◆ TO DO:
Please give the listing again, word for word, with nothing left out.

◆ DATASET RECORDS:
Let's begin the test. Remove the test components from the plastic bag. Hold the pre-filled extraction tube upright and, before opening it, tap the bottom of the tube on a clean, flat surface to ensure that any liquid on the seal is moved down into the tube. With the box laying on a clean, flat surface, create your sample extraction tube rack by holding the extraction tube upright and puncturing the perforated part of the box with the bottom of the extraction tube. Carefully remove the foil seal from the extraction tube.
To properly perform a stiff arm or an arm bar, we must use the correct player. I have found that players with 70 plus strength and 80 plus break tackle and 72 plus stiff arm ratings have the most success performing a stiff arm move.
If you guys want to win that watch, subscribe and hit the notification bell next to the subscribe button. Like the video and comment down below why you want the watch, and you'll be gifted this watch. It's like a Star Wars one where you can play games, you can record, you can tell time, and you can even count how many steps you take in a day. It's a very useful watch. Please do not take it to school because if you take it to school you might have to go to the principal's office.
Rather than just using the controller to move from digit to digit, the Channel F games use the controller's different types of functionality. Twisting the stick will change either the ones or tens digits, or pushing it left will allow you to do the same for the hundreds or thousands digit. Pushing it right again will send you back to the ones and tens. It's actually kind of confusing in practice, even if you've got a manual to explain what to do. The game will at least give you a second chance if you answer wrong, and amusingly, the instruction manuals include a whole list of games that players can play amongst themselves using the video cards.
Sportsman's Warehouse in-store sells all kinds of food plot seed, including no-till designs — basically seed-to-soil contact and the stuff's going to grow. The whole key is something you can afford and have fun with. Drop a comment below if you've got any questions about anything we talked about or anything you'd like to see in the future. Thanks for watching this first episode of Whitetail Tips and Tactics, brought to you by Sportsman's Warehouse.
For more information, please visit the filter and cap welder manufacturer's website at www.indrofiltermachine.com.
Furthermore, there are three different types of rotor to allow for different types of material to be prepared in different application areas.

◆ ANSWER BOX:
Let's begin the test. Remove the test components from the plastic bag. Hold the pre-filled extraction tube upright and, before opening it, tap the bottom of the tube on a clean, flat surface to ensure that any liquid on the seal is moved down into the tube. With the box laying on a clean, flat surface, create your sample extraction tube rack by holding the extraction tube upright and puncturing the perforated part of the box with the bottom of the extraction tube. Carefully remove the foil seal from the extraction tube.
To properly perform a stiff arm or an arm bar, we must use the correct player. I have found that players with 70 plus strength and 80 plus break tackle and 72 plus stiff arm ratings have the most success performing a stiff arm move.
If you guys want to win that watch, subscribe and hit the notification bell next to the subscribe button. Like the video and comment down below why you want the watch, and you'll be gifted this watch. It's like a Star Wars one where you can play games, you can record, you can tell time, and you can even count how many steps you take in a day. It's a very useful watch. Please do not take it to school because if you take it to school you might have to go to the principal's office.
Rather than just using the controller to move from digit to digit, the Channel F games use the controller's different types of functionality. Twisting the stick will change either the ones or tens digits, or pushing it left will allow you to do the same for the hundreds or thousands digit. Pushing it right again will send you back to the ones and tens. It's actually kind of confusing in practice, even if you've got a manual to explain what to do. The game will at least give you a second chance if you answer wrong, and amusingly, the instruction manuals include a whole list of games that players can play amongst themselves using the video cards.
Sportsman's Warehouse in-store sells all kinds of food plot seed, including no-till designs — basically seed-to-soil contact and the stuff's going to grow. The whole key is something you can afford and have fun with. Drop a comment below if you've got any questions about anything we talked about or anything you'd like to see in the future. Thanks for watching this first episode of Whitetail Tips and Tactics, brought to you by Sportsman's Warehouse.
For more information, please visit the filter and cap welder manufacturer's website at www.indrofiltermachine.com.
Furthermore, there are three different types of rotor to allow for different types of material to be prepared in different application areas.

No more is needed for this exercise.